Image-text web data:
----

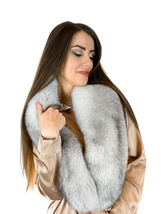 Natural Fox Fur Stole 47' (120cm) Saga Furs Big Fur Scarf White With Black Tips image 2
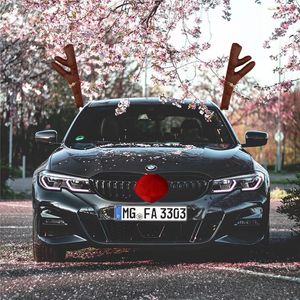 Astas de decoración de coche de Navidad Nueva decoración súper linda de dibujos animados adornos de oreja de ciervo de nariz roja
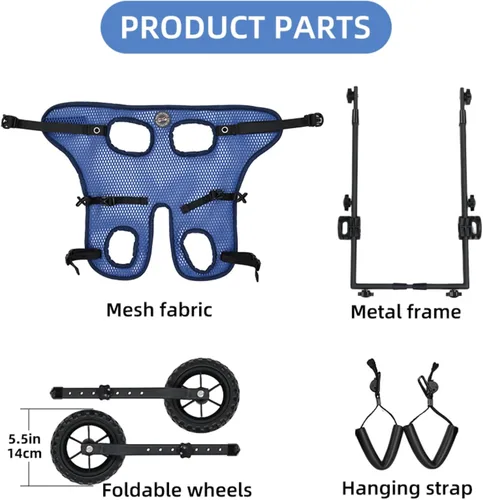 Miniatura 4 de Silla de ruedas mejorada para patas traseras, silla de ruedas ajustable para perros pequeños para discapacitados, lesionados, paralizados, perros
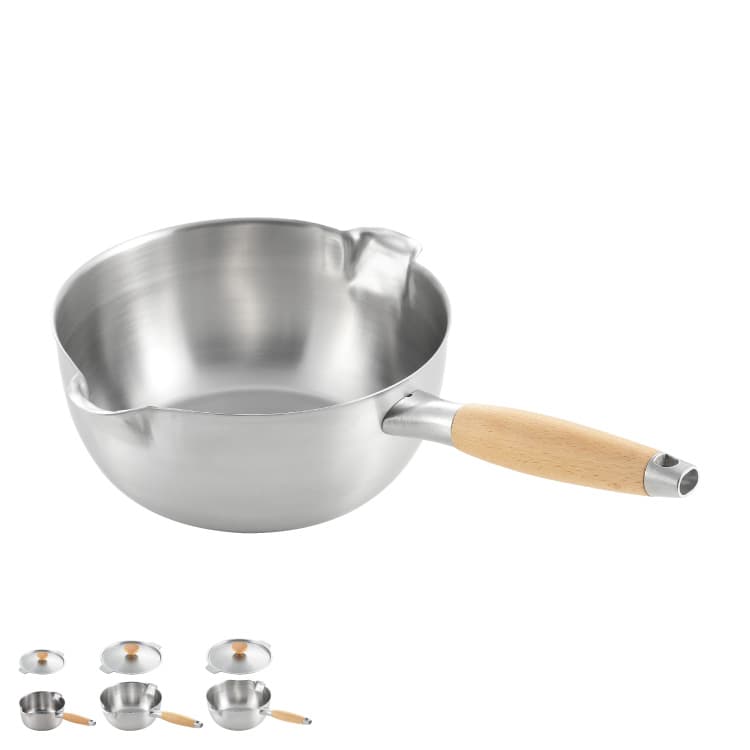 aikata 両口ステンレス鍋 ミルクパン 雪平鍋 蓋 16cm 18cm 20cm | 家具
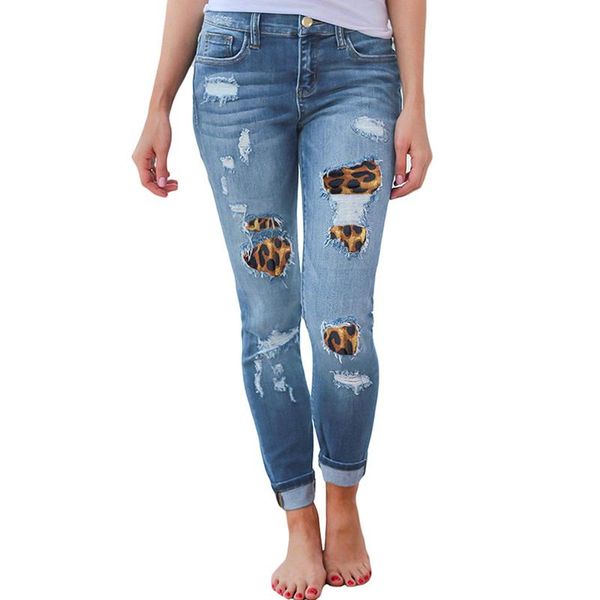 

ripped hole trousers wide-leg jeans women's vintage leopard fashion casual jogging femme streetwear joker female jean pants, Blue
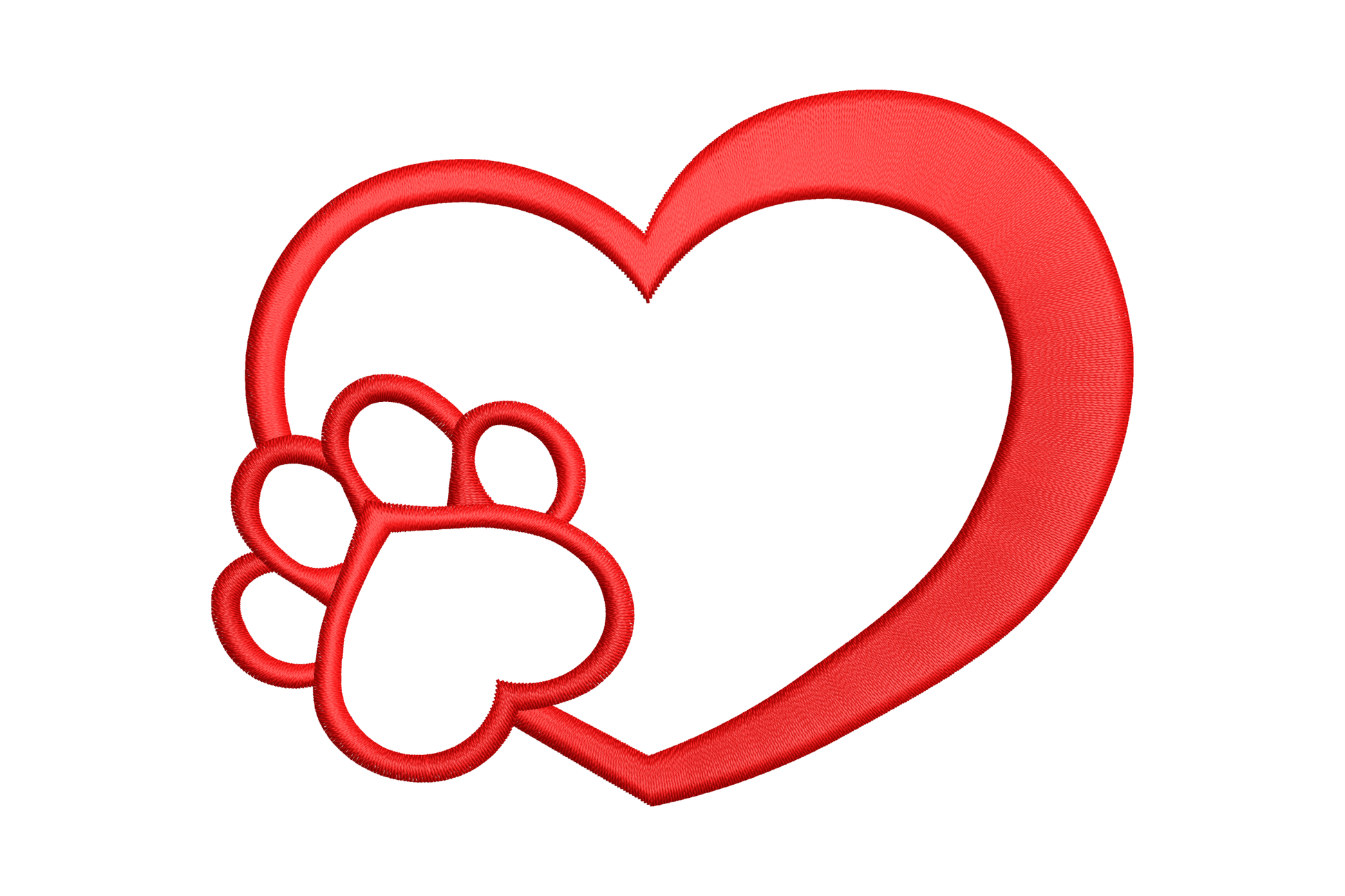 Heart outline embroidery with paw print tucked at lower left, red satin stitch on white background, pet lover valentine design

----

Directions for this task ▸
Write the records above out again word for word, skipping each picture.

Response for this exercise ▸
 Natural Fox Fur Stole 47' (120cm) Saga Furs Big Fur Scarf White With Black Tips image 2
 Astas de decoración de coche de Navidad Nueva decoración súper linda de dibujos animados adornos de oreja de ciervo de nariz roja
 Miniatura 4 de Silla de ruedas mejorada para patas traseras, silla de ruedas ajustable para perros pequeños para discapacitados, lesionados, paralizados, perros
 aikata 両口ステンレス鍋 ミルクパン 雪平鍋 蓋 16cm 18cm 20cm | 家具

ripped hole trousers wide-leg jeans women's vintage leopard fashion casual jogging femme streetwear joker female jean pants, Blue
 Heart outline embroidery with paw print tucked at lower left, red satin stitch on white background, pet lover valentine design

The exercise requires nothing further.